Homemade Tocino (Sweet Cured Pork) Filipino Style Recipe!!!

Tocino (Sweet Cured Pork) is made from pork and the preparation is similar to ham and bacon although chicken and beef sometimes can be used as an alternatives.

Pork Tocino was said to be named after the Spanish word (Tocino) which is used to describe cured meats. It is often reddish in colour and has a savoury and sweet taste.

It is usually served for breakfast together with fried garlic rice or steamed rice. Preparing it is nothing more than lightly frying it until it caramelizes on the edges. You can find this dish in many “Carinderia” or small restaurants and even in big fast food chains in the Philippines.  It’s a very easy to prepare yet a tasty dish.

I like dipping it in a garlic vinegar sauce!

This is my version of Homemade Tocino (Sweet Cured Pork) Recipe, I’m sure you will love it.

 

Ingredients:

1 kg. pork shoulder (boneless, cut into thin strips)

1 cup sprite soft drink or 7-up

4 tbsp. soy sauce (add a little water to avoid dark colour, it should be light or not too black)

1 cup pineapple juice

6 tbsp. ketchup

2 cups brown sugar

2 cloves garlic, minced or 1 tbsp. garlic powder

5 tsp. salt

1 tsp. ground black pepper

 

Directions:

Mix all the ingredients in a bowl and cover and make sure that all the meat are covered with the marinade.

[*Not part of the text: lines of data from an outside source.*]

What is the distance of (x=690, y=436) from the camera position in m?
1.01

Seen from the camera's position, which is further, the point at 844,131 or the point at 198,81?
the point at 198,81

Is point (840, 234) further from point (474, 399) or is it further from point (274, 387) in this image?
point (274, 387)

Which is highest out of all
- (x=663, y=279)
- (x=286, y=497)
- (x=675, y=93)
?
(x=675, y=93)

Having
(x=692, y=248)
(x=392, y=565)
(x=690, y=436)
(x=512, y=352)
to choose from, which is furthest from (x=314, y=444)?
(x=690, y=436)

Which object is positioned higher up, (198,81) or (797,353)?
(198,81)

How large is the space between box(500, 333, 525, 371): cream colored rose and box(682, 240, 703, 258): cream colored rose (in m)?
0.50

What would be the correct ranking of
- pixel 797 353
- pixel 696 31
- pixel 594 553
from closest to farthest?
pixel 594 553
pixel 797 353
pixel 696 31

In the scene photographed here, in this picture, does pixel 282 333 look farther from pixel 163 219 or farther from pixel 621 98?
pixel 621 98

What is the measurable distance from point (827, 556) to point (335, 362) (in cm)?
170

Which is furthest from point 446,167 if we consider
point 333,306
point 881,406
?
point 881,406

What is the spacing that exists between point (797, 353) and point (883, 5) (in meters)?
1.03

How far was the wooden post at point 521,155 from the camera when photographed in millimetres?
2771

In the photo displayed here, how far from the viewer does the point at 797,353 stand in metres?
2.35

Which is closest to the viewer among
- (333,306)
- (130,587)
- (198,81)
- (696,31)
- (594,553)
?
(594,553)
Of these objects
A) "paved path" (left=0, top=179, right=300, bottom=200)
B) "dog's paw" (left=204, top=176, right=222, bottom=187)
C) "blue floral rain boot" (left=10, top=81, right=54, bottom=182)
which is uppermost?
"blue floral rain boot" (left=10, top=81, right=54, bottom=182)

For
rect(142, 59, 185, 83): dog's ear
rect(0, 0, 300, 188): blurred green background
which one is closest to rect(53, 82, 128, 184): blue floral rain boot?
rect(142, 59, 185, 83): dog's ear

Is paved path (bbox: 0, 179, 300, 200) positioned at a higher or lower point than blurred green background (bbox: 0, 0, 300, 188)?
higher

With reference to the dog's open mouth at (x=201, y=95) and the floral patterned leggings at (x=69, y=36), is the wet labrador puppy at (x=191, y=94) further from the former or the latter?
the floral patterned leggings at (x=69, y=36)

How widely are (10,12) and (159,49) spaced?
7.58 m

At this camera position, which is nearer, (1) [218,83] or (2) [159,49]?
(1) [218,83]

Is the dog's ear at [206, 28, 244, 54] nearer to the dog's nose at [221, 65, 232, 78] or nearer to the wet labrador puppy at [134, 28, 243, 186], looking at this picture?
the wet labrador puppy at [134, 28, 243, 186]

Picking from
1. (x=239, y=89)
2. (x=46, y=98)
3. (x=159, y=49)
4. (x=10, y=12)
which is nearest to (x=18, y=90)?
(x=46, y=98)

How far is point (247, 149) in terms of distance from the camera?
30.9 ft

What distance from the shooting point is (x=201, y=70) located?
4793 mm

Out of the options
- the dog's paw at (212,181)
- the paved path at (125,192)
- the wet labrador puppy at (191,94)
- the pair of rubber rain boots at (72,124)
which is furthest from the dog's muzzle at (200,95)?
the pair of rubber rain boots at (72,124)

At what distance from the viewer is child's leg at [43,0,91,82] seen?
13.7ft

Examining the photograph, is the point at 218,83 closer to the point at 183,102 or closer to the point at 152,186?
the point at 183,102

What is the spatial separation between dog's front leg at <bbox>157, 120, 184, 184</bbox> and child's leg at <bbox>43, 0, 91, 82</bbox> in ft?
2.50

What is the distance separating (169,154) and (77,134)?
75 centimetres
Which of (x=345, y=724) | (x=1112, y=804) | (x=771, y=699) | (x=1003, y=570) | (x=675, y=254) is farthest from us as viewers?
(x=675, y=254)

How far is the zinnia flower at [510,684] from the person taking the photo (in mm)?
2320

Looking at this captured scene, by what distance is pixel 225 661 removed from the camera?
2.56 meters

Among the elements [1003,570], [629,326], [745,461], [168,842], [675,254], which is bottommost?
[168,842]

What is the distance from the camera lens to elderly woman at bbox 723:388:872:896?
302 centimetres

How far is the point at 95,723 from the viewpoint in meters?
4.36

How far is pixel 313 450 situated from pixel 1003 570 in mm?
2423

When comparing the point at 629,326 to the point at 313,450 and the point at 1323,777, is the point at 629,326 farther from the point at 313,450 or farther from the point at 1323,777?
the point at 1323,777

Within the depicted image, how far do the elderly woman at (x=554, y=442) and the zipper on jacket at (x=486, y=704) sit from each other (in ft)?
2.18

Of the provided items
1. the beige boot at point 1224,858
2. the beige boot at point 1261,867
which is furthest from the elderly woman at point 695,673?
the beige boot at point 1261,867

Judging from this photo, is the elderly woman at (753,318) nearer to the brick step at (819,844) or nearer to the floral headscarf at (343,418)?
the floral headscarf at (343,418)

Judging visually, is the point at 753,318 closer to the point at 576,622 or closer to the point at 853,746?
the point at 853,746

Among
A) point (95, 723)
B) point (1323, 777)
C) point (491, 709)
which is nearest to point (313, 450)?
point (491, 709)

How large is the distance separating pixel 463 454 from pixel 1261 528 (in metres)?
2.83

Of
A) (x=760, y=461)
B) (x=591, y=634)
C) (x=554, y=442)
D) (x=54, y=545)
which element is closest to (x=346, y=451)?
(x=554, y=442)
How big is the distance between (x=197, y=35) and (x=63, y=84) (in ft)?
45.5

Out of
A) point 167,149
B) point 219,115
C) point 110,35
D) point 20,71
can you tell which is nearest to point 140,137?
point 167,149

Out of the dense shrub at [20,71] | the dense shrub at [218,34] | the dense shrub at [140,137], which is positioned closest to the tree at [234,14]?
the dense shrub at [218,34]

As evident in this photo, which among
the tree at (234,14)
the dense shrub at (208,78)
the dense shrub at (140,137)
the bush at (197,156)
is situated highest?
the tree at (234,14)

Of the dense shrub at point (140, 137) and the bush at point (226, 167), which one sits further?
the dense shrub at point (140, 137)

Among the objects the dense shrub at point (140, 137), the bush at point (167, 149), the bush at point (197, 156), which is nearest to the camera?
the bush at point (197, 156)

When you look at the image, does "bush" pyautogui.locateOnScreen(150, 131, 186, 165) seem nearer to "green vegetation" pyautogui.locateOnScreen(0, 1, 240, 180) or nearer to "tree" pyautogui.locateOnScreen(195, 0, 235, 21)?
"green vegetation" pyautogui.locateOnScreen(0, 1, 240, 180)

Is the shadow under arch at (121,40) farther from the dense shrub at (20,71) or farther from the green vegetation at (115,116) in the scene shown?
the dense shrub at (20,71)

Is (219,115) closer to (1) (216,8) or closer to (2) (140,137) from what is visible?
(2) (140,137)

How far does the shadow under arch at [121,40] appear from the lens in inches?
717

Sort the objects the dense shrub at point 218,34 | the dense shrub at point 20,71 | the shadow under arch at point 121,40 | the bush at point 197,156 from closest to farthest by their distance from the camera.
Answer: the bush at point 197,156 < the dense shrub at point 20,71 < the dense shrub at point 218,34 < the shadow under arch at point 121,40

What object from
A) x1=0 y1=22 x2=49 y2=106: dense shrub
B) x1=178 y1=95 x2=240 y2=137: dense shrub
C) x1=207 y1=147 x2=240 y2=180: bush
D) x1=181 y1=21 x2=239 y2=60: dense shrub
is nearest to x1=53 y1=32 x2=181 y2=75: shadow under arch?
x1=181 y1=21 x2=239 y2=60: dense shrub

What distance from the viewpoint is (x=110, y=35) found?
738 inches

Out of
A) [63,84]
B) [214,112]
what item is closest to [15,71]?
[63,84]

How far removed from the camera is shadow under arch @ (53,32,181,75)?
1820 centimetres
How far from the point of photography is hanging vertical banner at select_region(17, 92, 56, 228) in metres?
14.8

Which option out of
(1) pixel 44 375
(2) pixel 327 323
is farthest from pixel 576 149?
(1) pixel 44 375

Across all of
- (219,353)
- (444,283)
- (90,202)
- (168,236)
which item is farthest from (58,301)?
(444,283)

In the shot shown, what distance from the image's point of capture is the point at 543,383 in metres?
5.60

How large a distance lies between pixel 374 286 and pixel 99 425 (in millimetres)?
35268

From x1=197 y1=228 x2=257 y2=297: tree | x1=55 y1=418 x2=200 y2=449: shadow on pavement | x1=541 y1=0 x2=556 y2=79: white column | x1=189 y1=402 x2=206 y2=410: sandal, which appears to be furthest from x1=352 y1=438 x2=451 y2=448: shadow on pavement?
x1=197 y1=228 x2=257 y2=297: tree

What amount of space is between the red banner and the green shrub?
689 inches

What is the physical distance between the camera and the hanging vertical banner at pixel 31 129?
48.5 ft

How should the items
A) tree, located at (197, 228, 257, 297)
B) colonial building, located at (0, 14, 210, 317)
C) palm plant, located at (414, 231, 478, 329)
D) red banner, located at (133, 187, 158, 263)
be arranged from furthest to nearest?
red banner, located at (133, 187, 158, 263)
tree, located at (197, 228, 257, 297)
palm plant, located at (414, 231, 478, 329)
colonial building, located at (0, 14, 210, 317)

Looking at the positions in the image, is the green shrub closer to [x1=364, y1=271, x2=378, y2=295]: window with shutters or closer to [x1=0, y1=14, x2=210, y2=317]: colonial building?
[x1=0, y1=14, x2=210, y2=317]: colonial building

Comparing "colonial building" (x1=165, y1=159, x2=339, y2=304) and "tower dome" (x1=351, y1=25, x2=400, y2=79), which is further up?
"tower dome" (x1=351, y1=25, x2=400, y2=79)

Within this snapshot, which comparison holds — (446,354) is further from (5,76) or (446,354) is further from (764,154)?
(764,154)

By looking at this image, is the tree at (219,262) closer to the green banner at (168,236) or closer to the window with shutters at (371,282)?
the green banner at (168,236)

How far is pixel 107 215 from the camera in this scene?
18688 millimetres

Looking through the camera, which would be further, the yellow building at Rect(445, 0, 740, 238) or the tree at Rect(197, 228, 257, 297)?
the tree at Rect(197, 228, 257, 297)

Store it in the fridge (chiller) for at least 2 days to cure the meat properly.

If its ready you can process to the next step.

In a pan over medium heat, pour some of the marinade and few tbsp. of water.

Let it simmer until all the liquid evaporates.

Add a little bit cooking oil and fry it.

Serve with steamed or fried rice, eggs and tomatoes.

Share and Enjoy!!!

Homemade Tocino (Sweet Cured Pork) Filipino Style Recipe!!!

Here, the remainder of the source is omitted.